Berangkat dari situ saya memikirkan beberapa bacaan dari pemikir-pemikir yang punya konsen kontra terhadap agama dan ketuhanan. Dan tentunya mayoritas dari mereka adalah dari barat.
Ada dua versi unsur pokok yang menceritakan tentang asal-usul konsep ketuhanan dan agama yaitu, versi pertama adalah tinjauan dari berdasarkan segi antropologis, historis, dan sosiologis yang berevolusi dari bentuk primitif hingga natural, seperti saat ini. Dan versi kedua, ditinjau dari segi Agamawan. Contoh dari versi pertama ini ialah secara umum juga menjelaskan bahwa agama merupakan bagian dari suatu fenomena sosial, kultural, dan spiritual yang mengalami evolusi seiring berjalannya waktu. Sebab, sebelum adanya keyakinan monoteisme natural kepercayaan umat manusia pada waktu itu belum sampai memikirkan tentang konsep yang tunggal yang menciptakan serta mengatur alam semesta ini. Dan sebelum adanya kepercayaan tersebut manusia percaya pada konsep mitologi seperti dewa-dewi, yang meyakini bahwa merekalah merupakan entitas supranatural serta memiliki unsur-unsur alam atau aspek-aspek tertentu dalam kehidupan manusia. Lalu versi yang kedua, didalam versi ini menurut teori yang dikemukakan oleh Andrew Lang dan Wilhelm Schmidt seorang antropolog asal Inggris dan Jerman yaitu, bahwa pada bangsa primitif, manusia sudah mengenal atas kepercayaan adanya dewa tertinggi dan paling berkuasa sebagai pencipta alam semesta, dengan demikian keyakinan manusia terhadap dewa tertinggi merupakan bentuk religi yang paling tua dan pertama. Hal ini juga yang menandakan bahwa adanya bentuk evolusi kepercayaan serta menjadi cikal-bakal agama monoteisme (teis).
Memang benar adanya jika kita mengacu pada unsur pokok historis, bahwa agama adalah fenomena sosial kultural masyarakat zaman dulu yang sengaja diciptakan dimana ia hanyalah sebuah produk kesadaran manusia.

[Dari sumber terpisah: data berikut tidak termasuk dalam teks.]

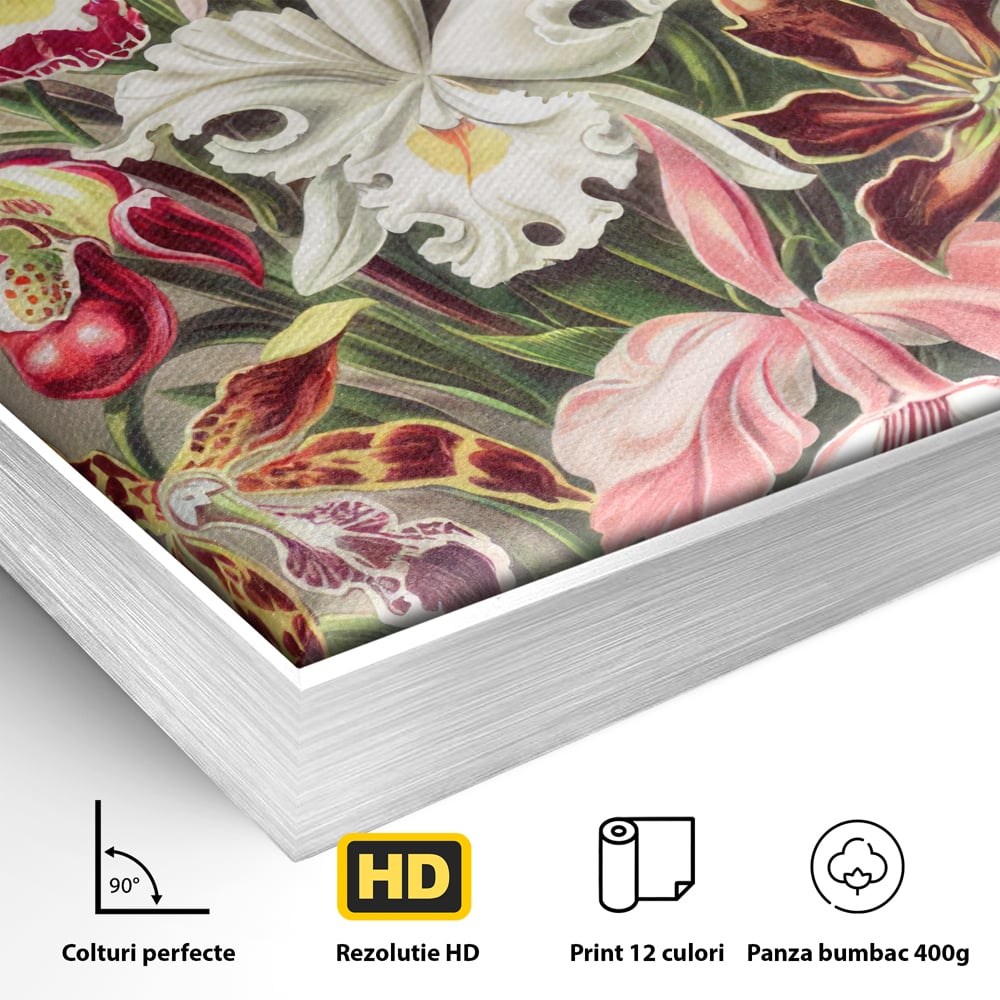 Tablou Canvas Premium LuxCanva® C1043, Orhidee Multicolore ,  Culori, Flori, Orhidee, Office, Living Room, Relaxare, Culori Vibrante
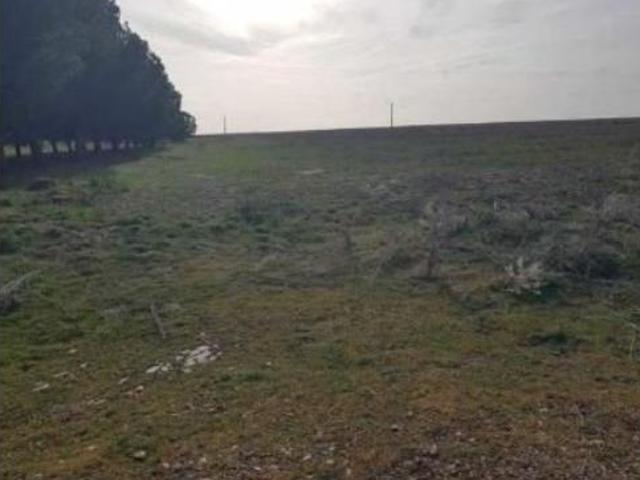 Terreno en venta en San Vicente del Palacio, Valladolid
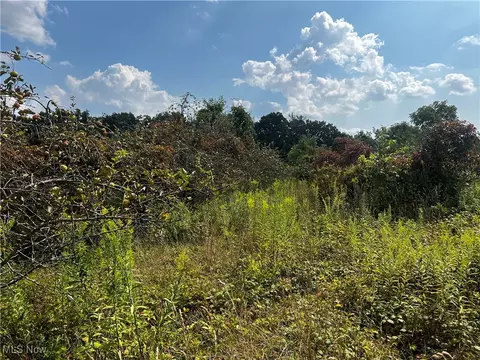 Cates Road, Akron, OH 44312 photo 23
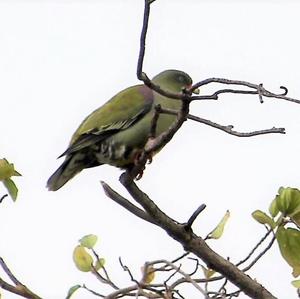 African Green-pigeon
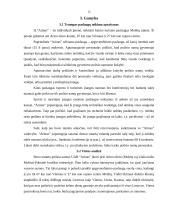 Verslo planas: apgyvendinimo paslaugos UAB "Arinas" 12 puslapis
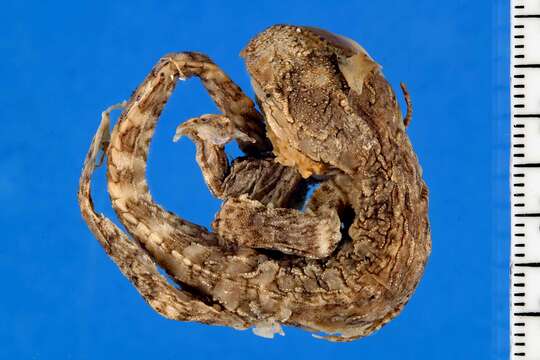 Image of Cook Strait Tuatara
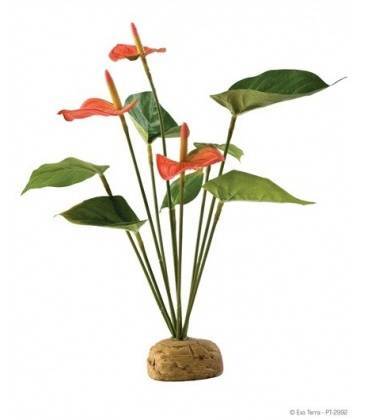 Planta Arbusto Anthurium EXOTERRA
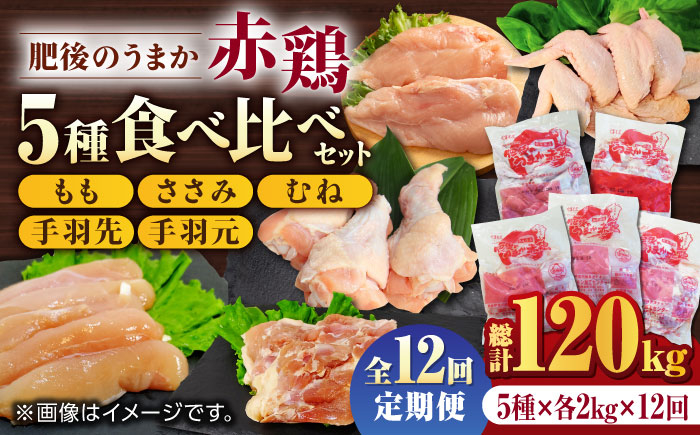 
            【12回定期便】肥後のうまか 赤鶏  5種食べ比べセット（モモ ささみ ムネ 手羽先 手羽元）各2kg【やまうちフード株式会社 熊本営業所】 熊本県 特産品  九州産  [ZAB014]
          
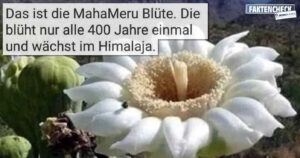 Die MahaMeru Blüte, die nur alle 400 Jahre blüht, ist wieder da!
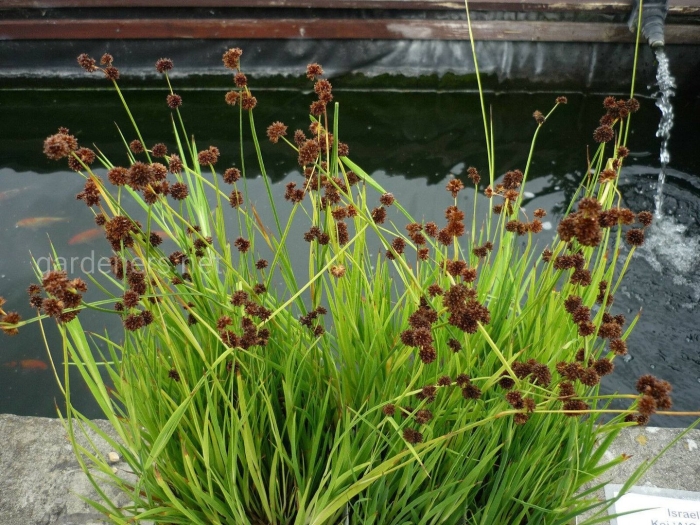 Juncus ensifolius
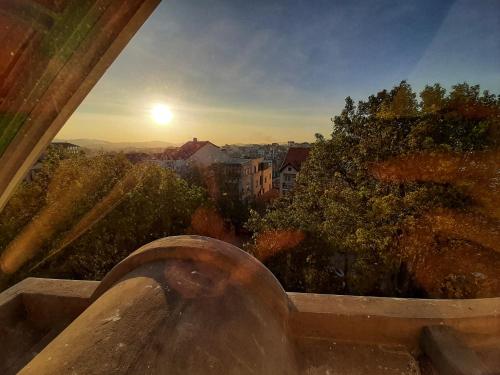 Příroda nedaleko hotelu
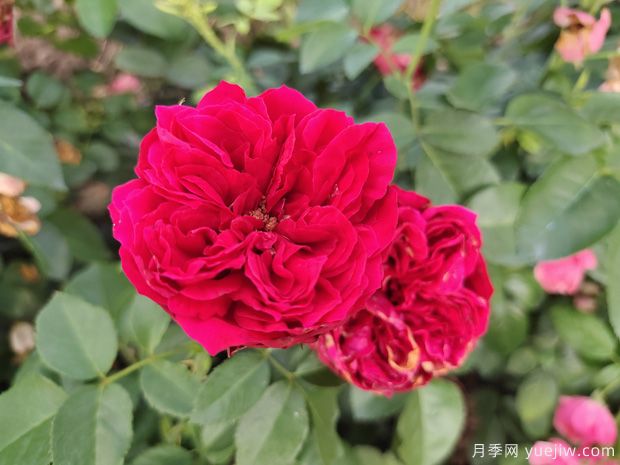紅龍月季花，花瓣長的大，艷麗漂亮插花美觀(圖1)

Misalkan, dunia suci para dewa seperti yang sering diceritakan didalam mitos-mitos adalah sebuah ideal, yang ke arah itu manusia harus menuju. Rasa tentang gaib adalah dasar dari agama, prasaan itu mendahului setiap hasrat untuk menjelaskan asal usul dunia atau menemukan landasan bagi perilaku beretika. Kekuatan gaib ini dirasakan oleh manusia dirasakan dengan cara berbeda-beda; terkadang ia menginspirasikan kegirangan liar, dan terkadang ia memabukkan, menentramkan, dan merasa kalut dan hina1.Rudolf Otto 1912
Ada satu teori yang dipopulerkan oleh Wilhelm Schmidt seorang etnologi kebangsaan Jerman. Yaitu, pada mulanya manusia menciptakan satu Tuhan yang merupakan penyebab pertama dari segala sesuatu dan penguasa langit dan bumi. Ia tidak terwakilkan oleh gambaran apapun, dan tidak memiliki kuil serta pendeta yang mengabdi kepadanya. Menurut Wilhelm, telah ada monoteisme primitif sebelum manusia mulai menyembah banyak dewa. Pada awalnya mereka mengakui hanya ada satu Tuhan Tertinggi, yang telah menciptakan dunia dan menata urusan manusia Dari kejauhan. Kepercayaan terhadap satu Tuhan tertinggi (kadang-kadang disebut Tuhan Langit, karena dia diasosiasikan dengan Ketinggian) masih terlihat dalam agama suku-suku pribumi Afrika. Mereka mengungkapkan kerinduan kepada Tuhan melalui doa; Percaya bahwa dia mengawasi mereka dan akan menghukum setiap Dosa. Namun demikian, dia anehnya tidak hadir dalam kehidupan Keseharian mereka; tidak ada kultus khusus untuknya dan dia tidak Pernah tampil dalam penggambaran.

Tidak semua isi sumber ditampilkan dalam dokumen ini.